Determining the Best Life Insurance Policy for Your Needs
Once you have decided on the best life insurance for estate planning in your specific situation, then the next step should be to determine the proper amount of coverage to purchase. This is because you will want to ensure that you have enough proceeds for all of your estate planning needs.
These may include any number of requirements, such as providing an inheritance to loved ones, paying off specific debts, the payment of final expenses, and / or ensuring an ongoing income for a surviving spouse.
Once you have determined the proper type and amount of life insurance coverage for your estate planning requirements, it will be important to compare policies from several different carriers (which we do better than anyone else for our clients). This is because the premium costs can vary on life insurance coverage – even on policies that provide the same amount of benefit.
With that in mind, working with an independent life insurance agency that has access to multiple insurance carriers is typically the best way to get an unbiased policy comparison. This can allow you to choose the policy, the benefits, and the premium quote that works the best for you and your specific situation.
Considerations When Planning Your Estate
When planning your estate, there are several factors that you will need to consider. First, you will want to be sure that the proceeds of the life insurance policy are not included in the insured’s estate and that he or she has an incident of ownership in the policy. (An incident of ownership will typically include the right to assign, terminate, name a beneficiary, change a beneficiary, and / or to borrow against the policy’s cash value). Otherwise, the amount of the life insurance policy’s proceeds could be subject to inclusion in the insured’s estate – and thus to estate taxation.
Therefore, in order to help in avoiding this, it will be important to set up a life insurance trust for estate planning. This is because even just naming the estate as the beneficiary will not remove the policy’s death benefits entirely from being includable in the decedent’s gross estate.
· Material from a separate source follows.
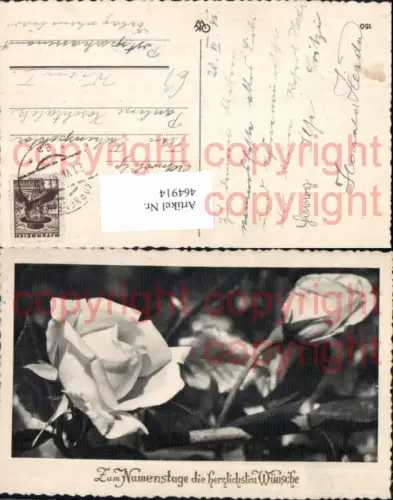 464914,Blumen Weiße Rosen Namenstag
However, by making the beneficiary of the life insurance policy an irrevocable trust, assets can instead be protected. In doing so, it is typically best to consult with an experienced advisor to determine your life insurance requirements, as well as in setting up the trust.
Also, once your estate plan has been created, it is not a “set it and forget it” type of plan. Just as life is constantly changing, it will be important to regularly review your plan and to update it whenever changes are needed.
Ideally, you should review your estate plan at least every year. However, you should do so more often if you have had any type of major life changing event. These events would include a birth or death in the family, marriage or divorce, retirement, purchase or sale of a business, or other key occasion.
Taking the Next Step
While estate taxes may never be entirely eliminated, there are ways in which you can reduce them. You can also protect your loved ones and ensure that your assets are shielded from the probate process by creating a solid estate plan.
One of the best ways to ensure that you will have the liquidity that you need, for pennies on the dollar, is by having life insurance included in estate planning. Knowing how to use life insurance for estate planning can provide liquidity and control. No other financial tool can offer the benefits that life insurance does.